Companies that fail to hire mothers re-entering the workplace are allowing their organisation to be robbed of efficient, quality employees, possessing
an invaluable experience.
This is according to managing director at HR Company Solutions, Madelein Smit, who says that being a mother will teach you things that no degree ever
will. She says these companies do not recognise mothers re-entering the workplace could be more productive than their colleagues
“Your negotiation skills need to be impeccable. You need to be able to keep track of multiple events taking place simultaneously – making you good at
multi-tasking. Then there’s the financial management that comes with balancing your family’s needs against your single income. Unfortunately, some
companies see being a mother as a big gap in one’s CV, especially in today’s competitive job market,” Smit says.
Her words are echoed by a study conducted by the Federal Bank of St Louis, which found that over the course of a 30-year career, mothers
outperformed women without children at almost every stage of the game. Some mothers with at least two kids were the most productive of all.
But Smit says she is aware that most companies are rigid about their hiring processes and although they may not be comfortable with being open about
their fears of employing new mothers or mothers who are re-entering the workplace, it can be evident with some companies.
“Mothers re-entering into the workplace must also be proactive and not simply rely on the good nature of hiring managers. An easy approach of
bypassing the employment gap on your CV would be to use a skills-based CV layout as opposed to a chronological one.
“Candidates can also look at the skills prospective that employers require and be more strategic about highlighting what skills they have and are
exceptional at. If there are discrepancies, candidates can take accredited short courses to bridge the gap. Applicants should also sharpen their focus to
companies where they will be seen as an asset, not where they will spend most of their time apologising for being a mother,” Smit continues.
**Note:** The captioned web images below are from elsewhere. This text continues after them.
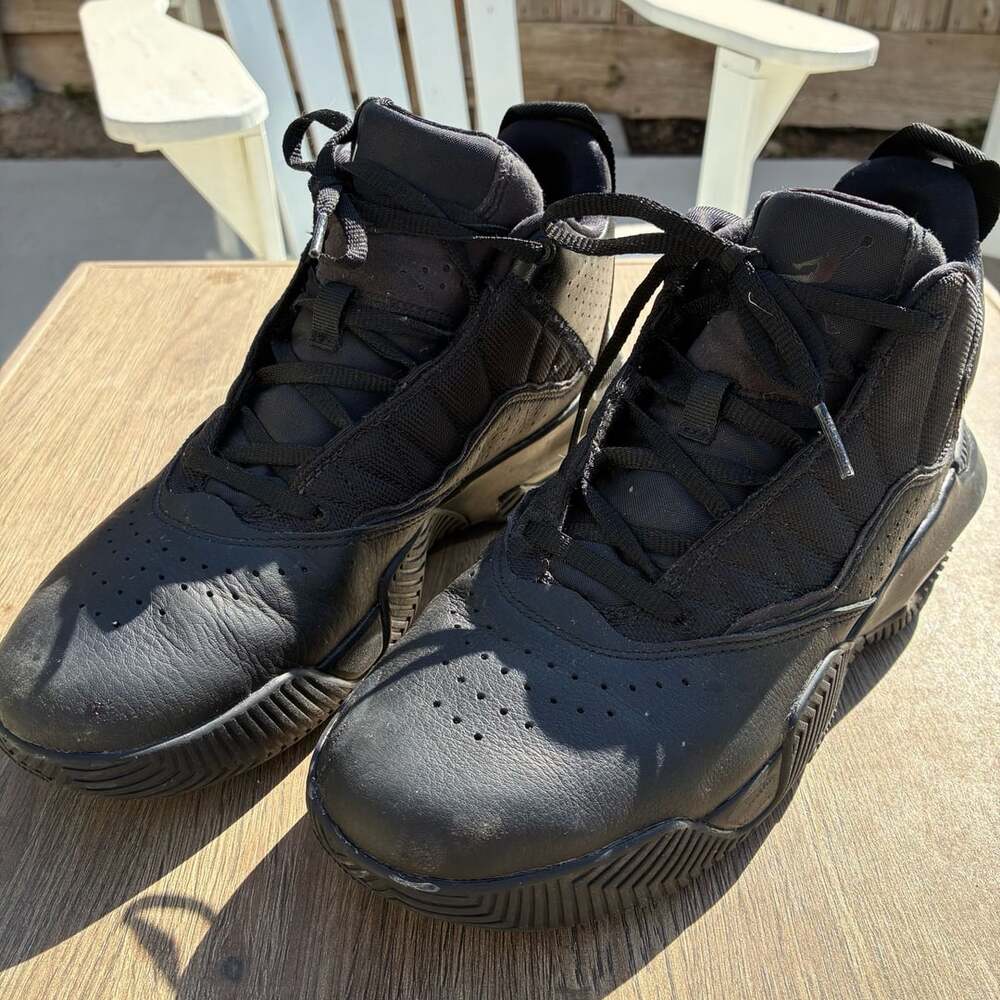 Jordan Stay Loyal Triple Black Basketball Shoes Men’s Size 8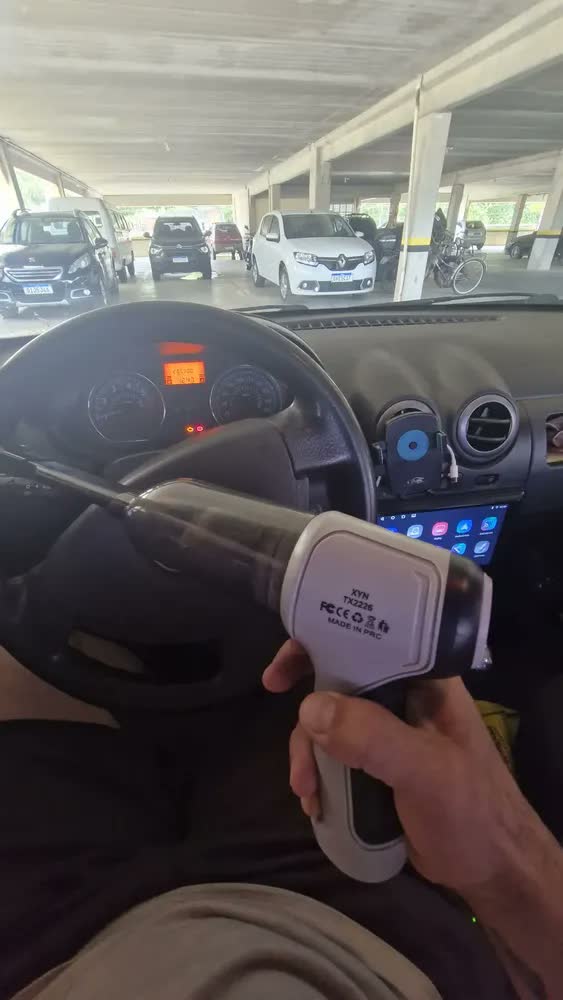 foto de Mini Aspirador De Pó Portátil Recarregável Soprador Usb Automotivo 3em1 Sem Fio Premium Vácuo Limpeza Carro Multifuncional Casa Chrome Technology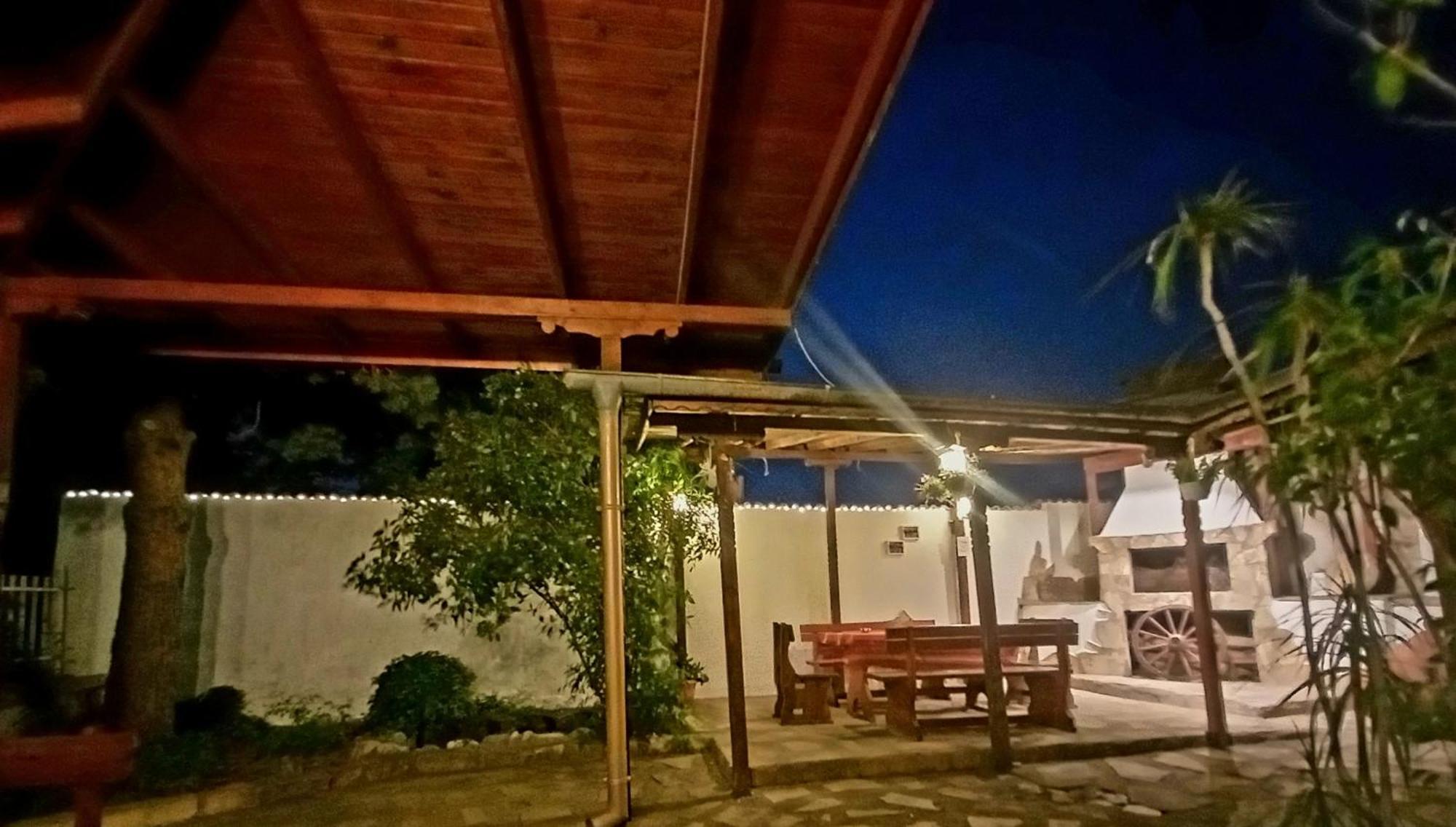 Hotel Kibor Gulubovo  Buitenkant foto
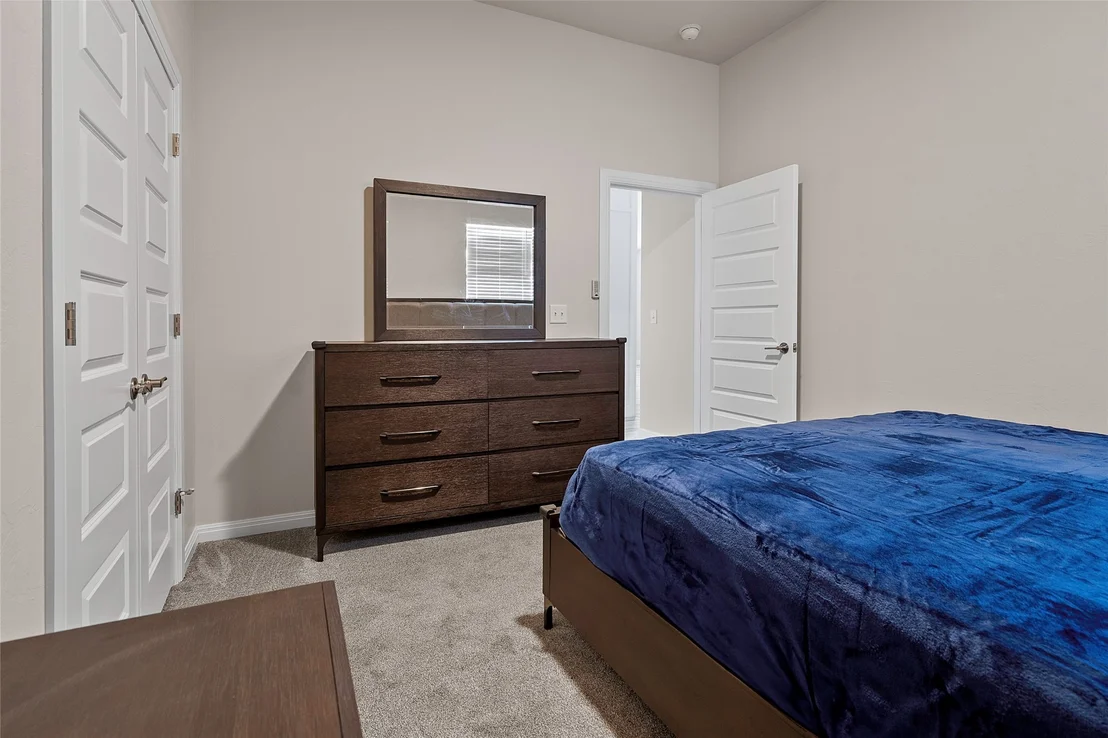 Photo of 714 Prairie View Road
She says companies that do offer mothers the opportunity to share their skills with the organisation should also be cognisant of their employees’ needs.
“All organisations should be willing to embrace policies that support families, which includes fathers who provide a more active role in their children’s
lives,” Smit says.
She says organisations should be encouraging working mothers instead of shunning them for having children.
“Knowledge doesn’t have an expiry date and women are capable of remaining clued up on industry-related topics, even after they leave the workplace.
Employers should be inspiring women to be both great moms and career women,” Smit concludes.